- [YOUR OBJECTIVE]:
Every line below should come back exactly as written, though the pictures stay out.

- [THE DATA]:
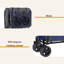 Chariot à roulettes convertible tout-en-un de 5 po x 2 po avec ouverture complète et laisse pour chien, siège polyvalent et rangement polyvalent-125532780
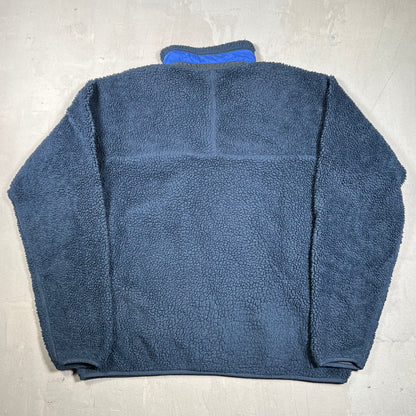 Y2K Patagonia Navy Fleece Size Large USED v19917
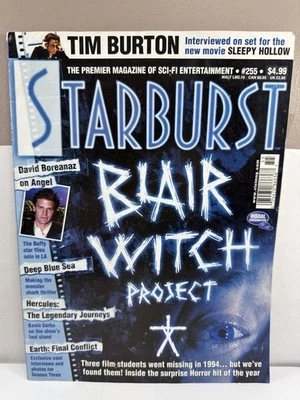 Starburst Magazine Blair Witch Project David Boreanaz Nov 1999 Tim Burton STA - Image 1 of 4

- [ANSWER FOR THE TASK]:
 Chariot à roulettes convertible tout-en-un de 5 po x 2 po avec ouverture complète et laisse pour chien, siège polyvalent et rangement polyvalent-125532780
 Y2K Patagonia Navy Fleece Size Large USED v19917
 Starburst Magazine Blair Witch Project David Boreanaz Nov 1999 Tim Burton STA - Image 1 of 4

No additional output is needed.